Designing a Payment Service Under PCI DSS Constraints
This is microservice 4 of 8 in our digital wallet platform. Unlike Wallet, Transaction, or Ledger services, Payment Service operates under a fundamentally different constraint: PCI DSS compliance. That single requirement shaped every design decision.
The Core Constraint: Card Data Isolation
Payment Service is the only component that ever touches tokenised card data. Raw card numbers (PAN, CVV) never cross its boundary — not even in logs. The client submits card details directly to Stripe/Razorpay's SDK, which returns an opaque token. Payment Service stores that token, nothing more.

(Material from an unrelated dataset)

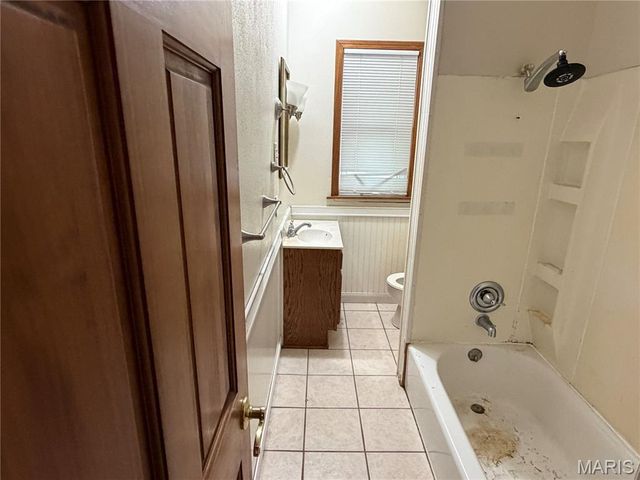 216 S 9th Street, Wood River, IL 62095
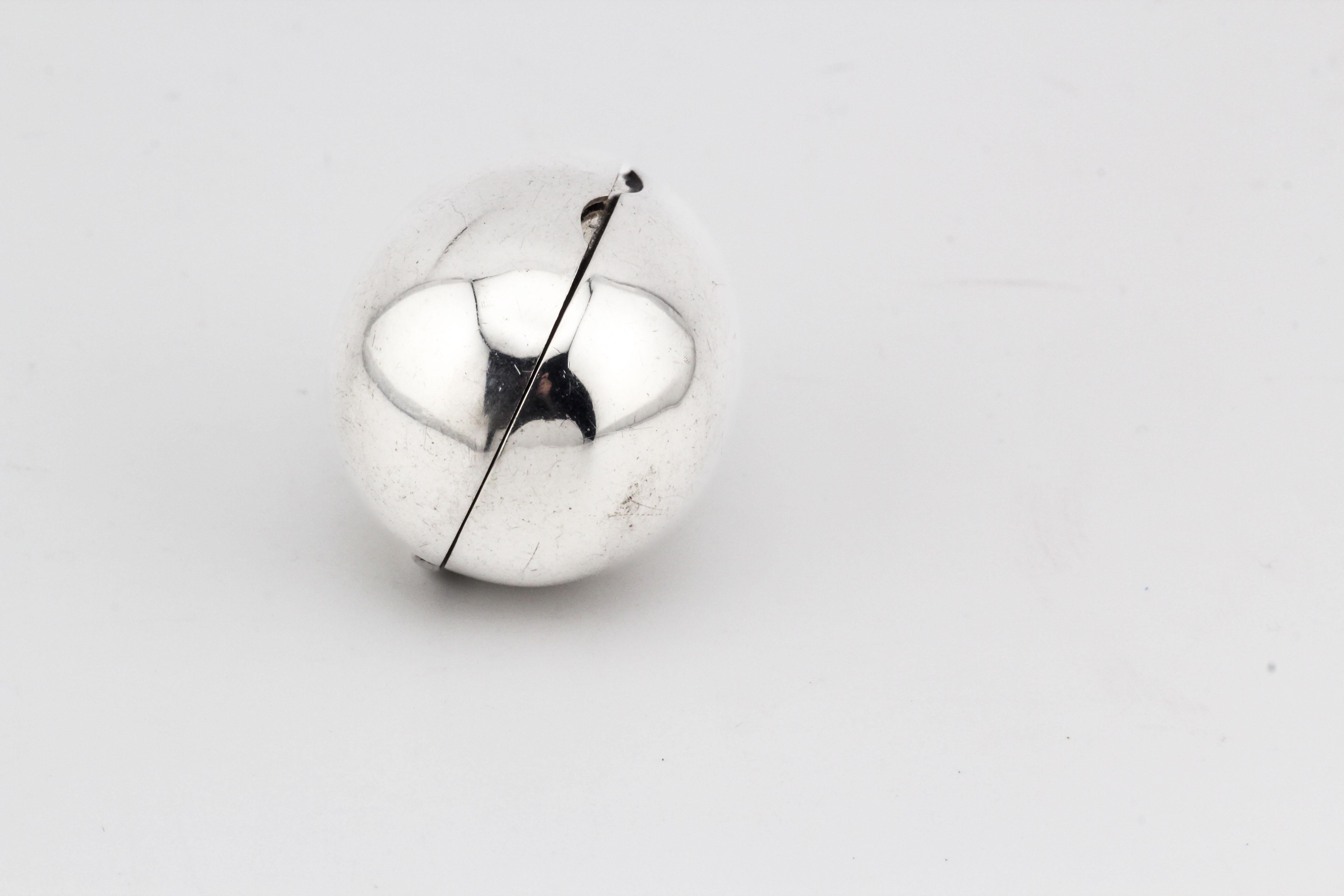 Tiffany & Co. Boîte à pilules en argent Vintage A Silver Unisexe en vente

Every other service in the platform only sees a paymentId (our UUID). This hard boundary means Payment Service has a stricter security perimeter than anything else in the system.
Two Flows, One Outcome
Card top-ups follow two fundamentally different paths that converge at the same point.
Synchronous (no 3DS):
Client → POST /payments/topup (with token)
→ Fraud pre-check (BIN, velocity, device trust)

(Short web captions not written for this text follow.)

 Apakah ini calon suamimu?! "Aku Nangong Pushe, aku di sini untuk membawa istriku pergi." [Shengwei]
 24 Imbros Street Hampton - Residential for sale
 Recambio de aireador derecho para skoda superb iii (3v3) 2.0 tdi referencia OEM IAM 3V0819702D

→ Persist PENDING + idempotency key
→ Charge gateway → receive charge ID
→ Mark CAPTURED → publish PAYMENT_CAPTURED
Async (3DS required):
Client → POST /payments/topup
→ Gateway returns 3DS redirect URL
→ Record enters PENDING_3DS, URL returned to client
→ Client completes bank auth in browser
→ Gateway posts webhook → signature verified
→ Mark CAPTURED → publish PAYMENT_CAPTURED
→ Scheduler expires PENDING_3DS older than 15 min
Both paths end with the same Kafka event: PAYMENT_CAPTURED on the payment.events topic, which triggers Wallet Service to credit the balance.

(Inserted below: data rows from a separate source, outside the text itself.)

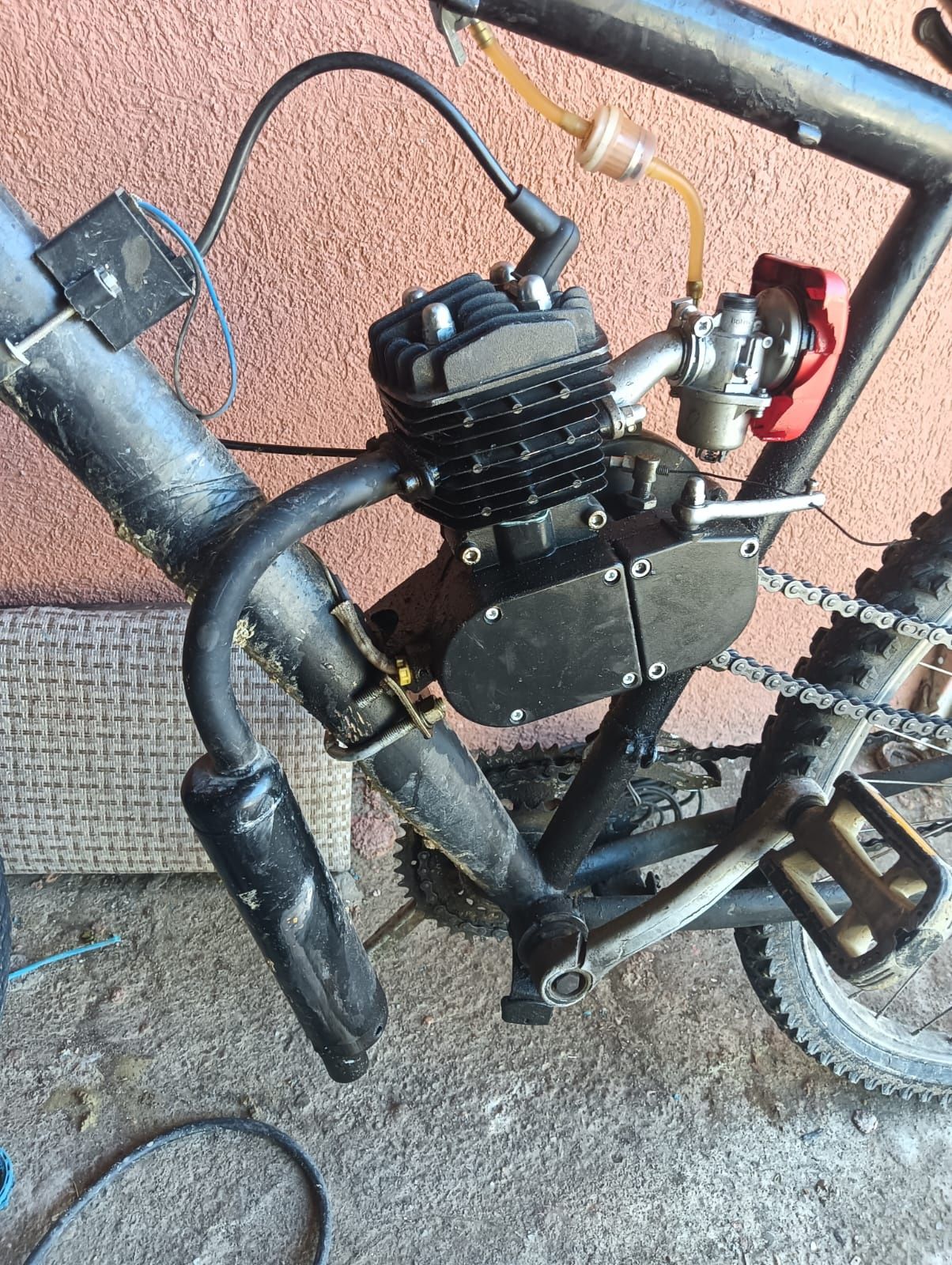 Bicicleta cu motor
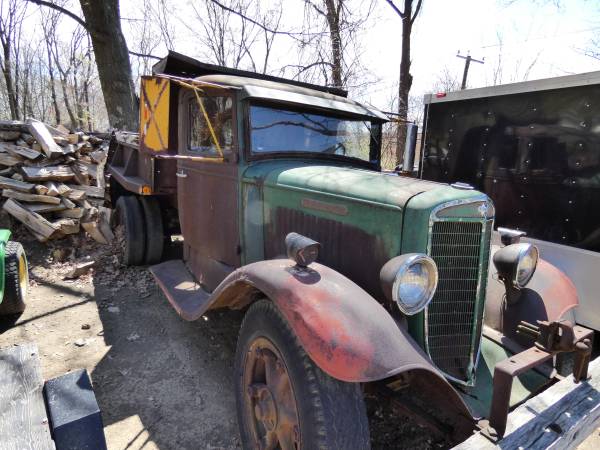 f) 1935 International C-30 Dump Truck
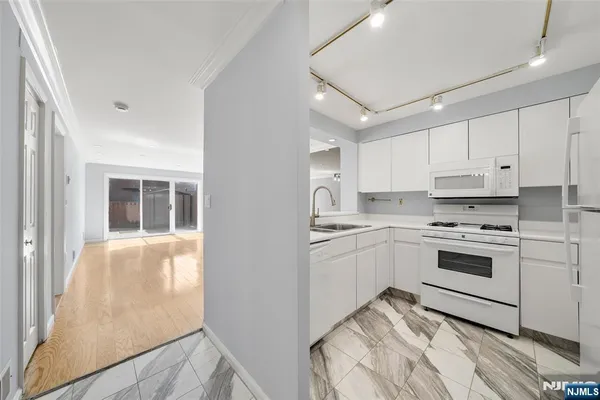 $2,500 | 302 Hancock Court, Unit 302, Edgewater, NJ 07020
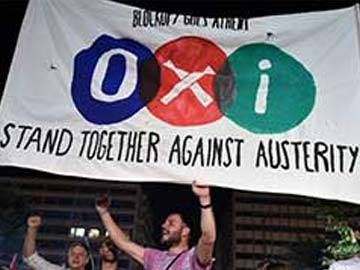 रवीश रंजन की कलम से : इतिहास बना गया ग्रीस का जनमत संग्रह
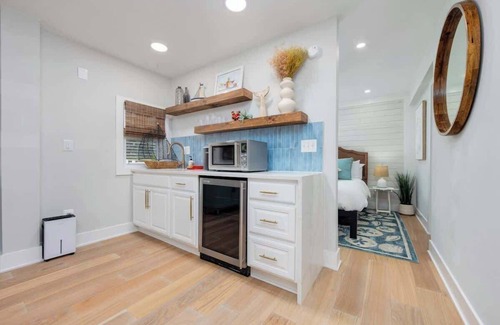 Colington House | Renovated Getaway for 2 ~ Hot Tub and Fire Pit!
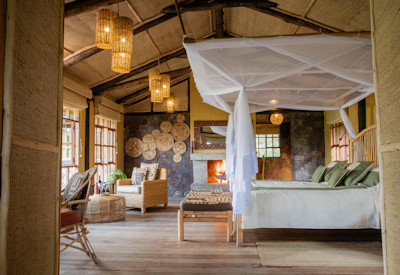 Mount Gahinga Lodge en-suite banda WiFi double vanity flushing toilet Uganda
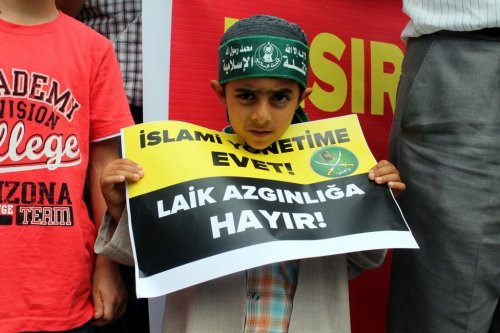 Trabzon’dan Mursi’ye Destek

Webhook Idempotency at the DB Level
Stripe and Razorpay can deliver the same webhook multiple times. Retries, network hiccups, their own retry policies — you'll see duplicates. Our solution:
ALTER TABLE payments
ADD COLUMN gateway_event_id VARCHAR(255) UNIQUE;
The second delivery hits the UNIQUE constraint, we return 200 OK to the gateway and skip processing. No application-level dedup logic, no Redis locks — the database enforces it.
We also return 200 to the gateway immediately and process the event asynchronously. Gateways retry aggressively on non-200 responses, so slow processing must never block the HTTP response.
What Payment Service Does NOT Do
This was equally important to define:
- No Kafka consumption. Unlike Transaction Service which consumes wallet events, Payment Service is purely reactive to HTTP — client requests and webhook posts. It only publishes.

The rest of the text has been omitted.